** Opening Data listing block **

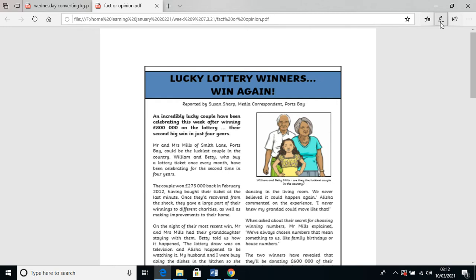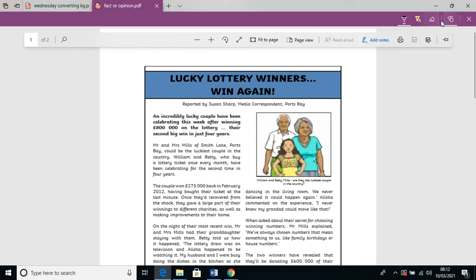So, as an example — if I just get my pen tool on here — you can see it says 'an incredibly lucky couple.' Now, is that fact or is that opinion? Well, they may be incredibly lucky, but to someone who has got lots and lots of money who is already rich, they might not be incredibly lucky. So that part there could be your opinion.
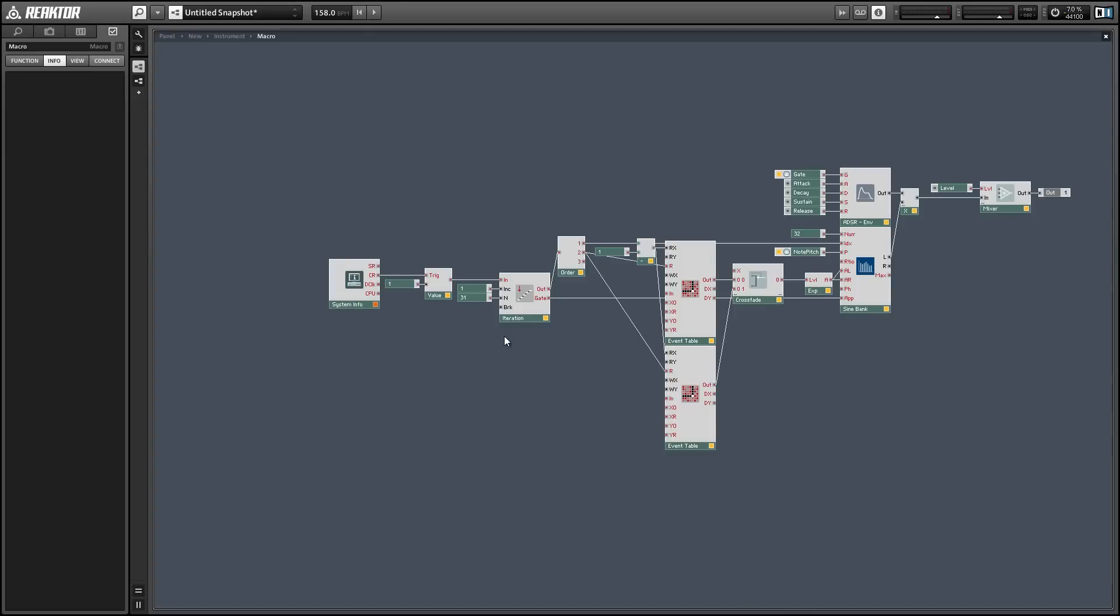I added a system info module which will give us a constant stream of events at the control rate out of the CR output which stands for control rate.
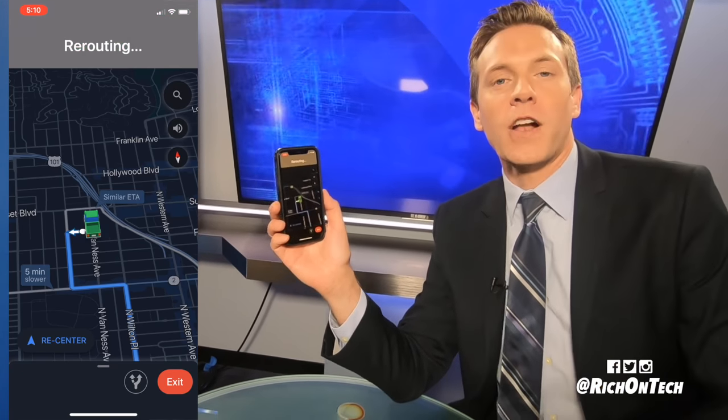Thanks so much for watching. I'm Rich DeMuro, RichOnTech.tv. If you like this video, go ahead and share it or give it that thumbs up. I'll see you next time.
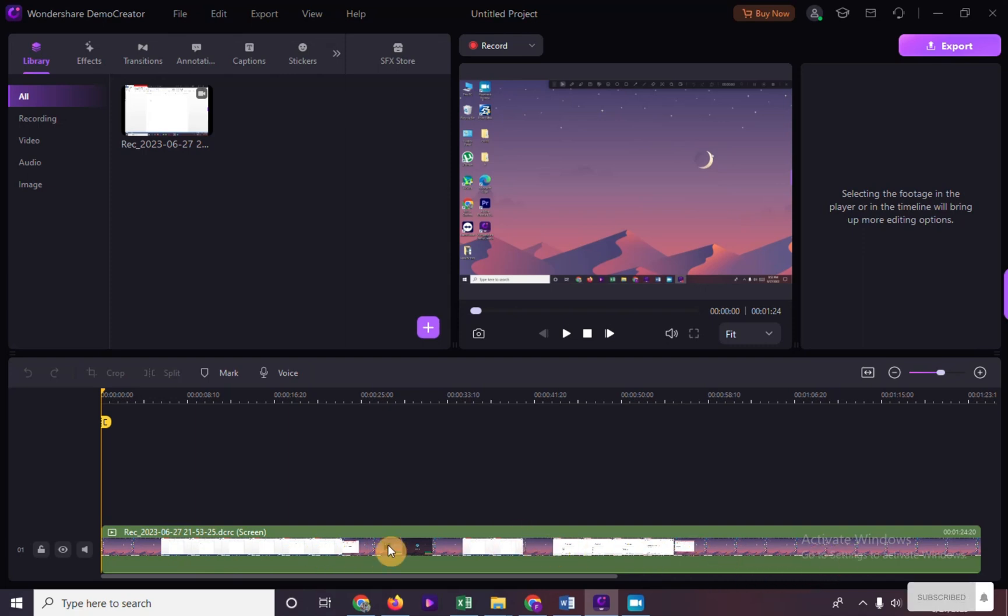And let's pretend that we are already done editing it. We have two options on removing the watermark. First option is to click on export.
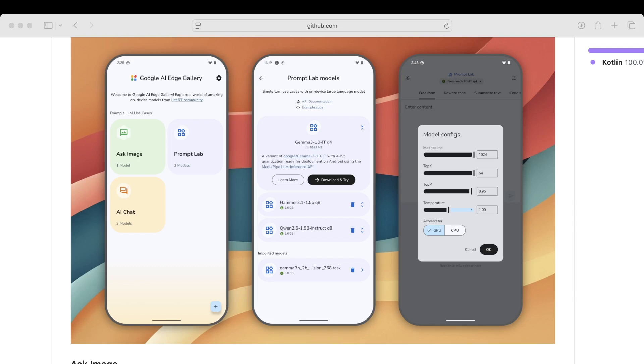Within the model configs on the app, we can change parameters from max tokens to whether we want to use CPU or GPU acceleration or the temperature, which is how creative the model might be. This is all fascinating and groundbreaking features for an Android and future iOS app.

** Closing Data listing block **

▶ _Problem description_
Only the pictures should be left out; write out everything else in the records exactly.

▶ _Solution to this exercise_
So, as an example — if I just get my pen tool on here — you can see it says 'an incredibly lucky couple.' Now, is that fact or is that opinion? Well, they may be incredibly lucky, but to someone who has got lots and lots of money who is already rich, they might not be incredibly lucky. So that part there could be your opinion.
I added a system info module which will give us a constant stream of events at the control rate out of the CR output which stands for control rate.
Thanks so much for watching. I'm Rich DeMuro, RichOnTech.tv. If you like this video, go ahead and share it or give it that thumbs up. I'll see you next time.
And let's pretend that we are already done editing it. We have two options on removing the watermark. First option is to click on export.
Within the model configs on the app, we can change parameters from max tokens to whether we want to use CPU or GPU acceleration or the temperature, which is how creative the model might be. This is all fascinating and groundbreaking features for an Android and future iOS app.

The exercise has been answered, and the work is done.